6th Nov 2019 11:08
(Alliance News) - Frontier IP Group PLC said Wednesday its annual profit more than doubled on strong growth in revenue and the value of its portfolio.
Also, the intellectual property company said it plans to raise GBP3.5 million through a share placing, which will go towards supporting the ongoing needs of the business and making progress on its investment pipeline.
Although GBP3.5 million is the initial target, there is the ability to upscale the placing target to GBP4.0 million, subject to demand.
Frontier IP will look to issue a minimum of 7.0 million shares at a price of 50 pence per share, a 9.9% discount from its closing price on Tuesday of 55.5p.
Shares in Frontier IP - which is headquartered in Edinburgh - were down 8.1% at 51.00 pence on Wednesday in London.
The placing will be conducted via a bookbuilding process by sole broker and bookrunner N+1 Singer Advisory LLP. The fundraise is conditional on gaining shareholder approval at Frontier IP's annual general meeting on December 4.

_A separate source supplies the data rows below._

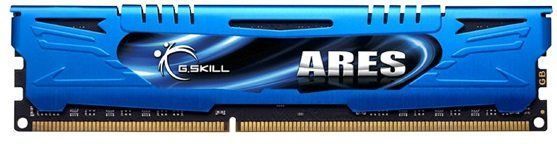 Оперативна пам'ять G.Skill 16 GB (2x8GB) DDR3 1866 MHz Б/в F3-1866C10D-16GAB фото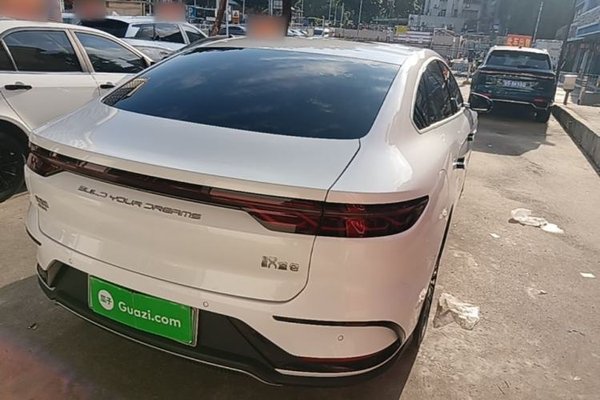 BYD Han 2023, 32400 км, за 17399 USD - фото 6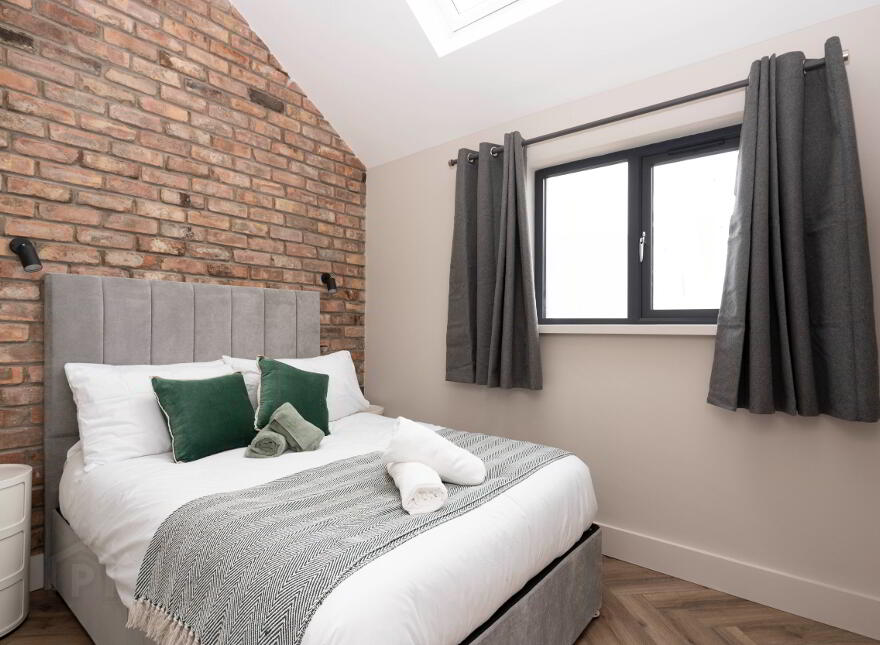 Apartment 2, 37 West, Princess Street, Portrush, BT56 8AX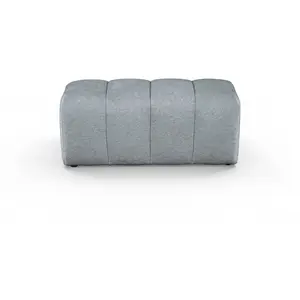 Poufs : Pouf bleu pas cher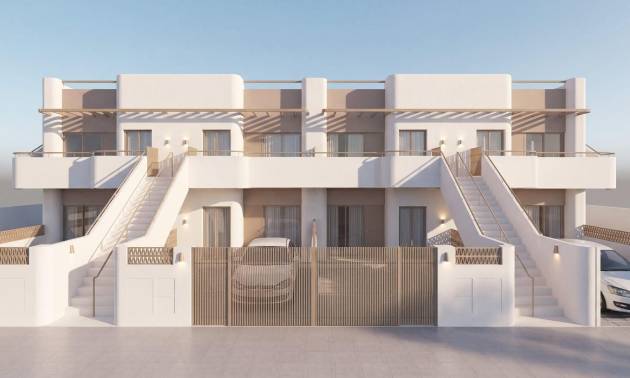 Nueva construcción  - Bungalow - Pilar de la Horadada - pueblo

Proceeds from the placing will go towards supporting the business's ongoing needs, providing resource to take advantage of future investment opportunities, and continued development of its current portfolio.
For the financial year to the end of June, Frontier IP reported pretax profit at GBP2.4 million, more than doubled from GBP902,000 the year before.
During the year, the company reported an unrealised profit of GBP3.9 million, up from GBP2.0 million the year before, mainly due to the movement in fair value of drug discovery firm Excientia and vaccine developer The Vaccine Group.
As a result, revenue for the period grew by 81% to GBP4.3 million from GBP2.4 million a prior year. Revenue from services and licence income grew by 40% to GBP418,000.
As at June 30, Frontier IP's portfolio value increased by 47% to GBP13.3 million from GBP9.0 million on the same date a year before.
Looking ahead, Frontier IP said it is confident its portfolio will grow in value.
"The year to June 2019 represented further strong progress for the group. Our innovative business model and committed approach to executing our strategy means we believe we are well placed to weather any market and political headwinds and in a good position to deliver another positive performance over the year to come," said Chief Executive Officer Neil Crabb.